Ask any Punjabi or North Indian about their favourite “maa ke haath ka khana” and at least 2 out of five will say Parathe! I have no statistical evidence for how I came up with that figure of course but there is some truth in my claim. North Indians love their parathas, sometimes stuffed and sometimes just plain with a side of sabzi, Aam ka achaar or dahi. Aloo Paratha is a universal favourite I can say with the same gut feeling that comes up with aforementioned random stats. But for me, my favourite stuffed parathas are Gobhi Parathas.
Gobhi/ Cauliflower – the low carb wonder
Gobhi or Cauliflower is the current favourite ingredient for most western websites and food related pages like Buzzfeed’s Tasty amongst many others. They present it sometimes as a meat replacement or a low carb option to make pizza crusts, vegan cheese, breakfast hash and even bread. I think they are borderline obsessed with it. But Indians have been using Gobhi in their sabzis like mixed vegetables, Tadka Gobhi, Pakodas and of course Gobhi Parathas since forever.
Nayee Gobhi of the season
Every year around September, the sabzi bazaars in India see the arrival of the new Gobhi of the season. I know Gobhi is available all year around, but the actual new crop of Gobhi arrives on the carts around these months and the new Gobhi has florets that my mom describes as khili khili (blooming) with green delicate danthal (stalks) and is more flavourful in my opinion.

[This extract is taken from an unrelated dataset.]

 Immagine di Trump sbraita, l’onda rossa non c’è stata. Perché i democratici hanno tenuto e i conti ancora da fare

So besides making delicious Aloo Gobhi, Danthal ki sabzi and Tadka Gobhi, we also make delicious and loaded Gobhi Parathas. These Gobhi Parathas would reappear on our plates and our menus on most Sunday mornings and stay till late winter. But my mother tells me that she prefers to make parathas with Gobhi that comes from October onwards. The new Gobhi of September is preferred just for sabzis.

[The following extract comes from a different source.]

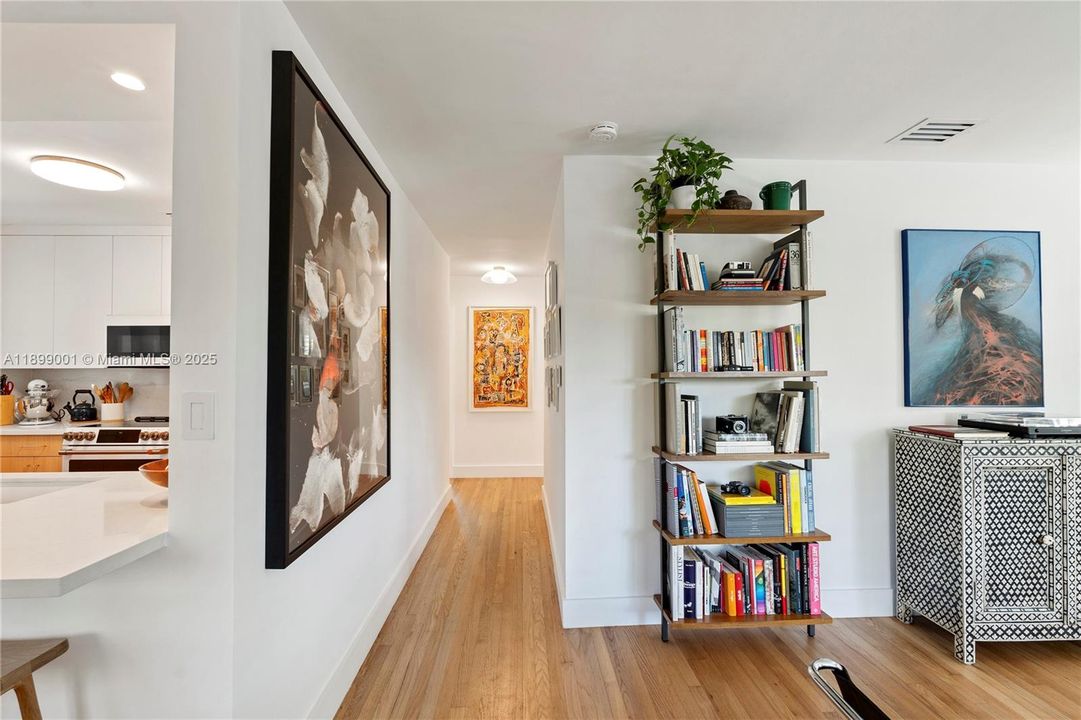 For Sale: $1,650,000 (3 beds, 2 baths, 1405 Square Feet)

Late winters months of March or April sees Gobhi that we consider comparatively tasteless and less juicy. Gobhi from mid-winter months is juicier. And hence in April or maybe from Holi time, we move to other seasonal veggies from Spring time like Bhindi, Ghiya and Tori (gourds). Now that we get Cold storage Gobhi all year round, we make parathas almost anytime. But we still keep a look out for new crop of Gobhi around September to make sabzi with.
Companions of the Gobhi Paratha
Parathas served with salted Amul butter is a standard feature in most Punjabi households. And trust me that is a combination made in heaven. But other companions like Plain homemade Dahi and some Punjabi Aam ka achaar take it a few notches up.
As a kid, I would always pair my buttered Gobhi Parathas with some Dahi sweetened with sugar. The crispy hot parathas filled with chewy gobhi pyaaz filling would cool down quickly once I would dunk them in sweet dahi. Also because I was too impatient to let the parathas cool down to eat. The contrast of sweet and salty, hot and cool, spicy and creamy was an experience that was no less than gourmet for me at that age. And as I write this, I am craving Gobhi Parathas made by my mother.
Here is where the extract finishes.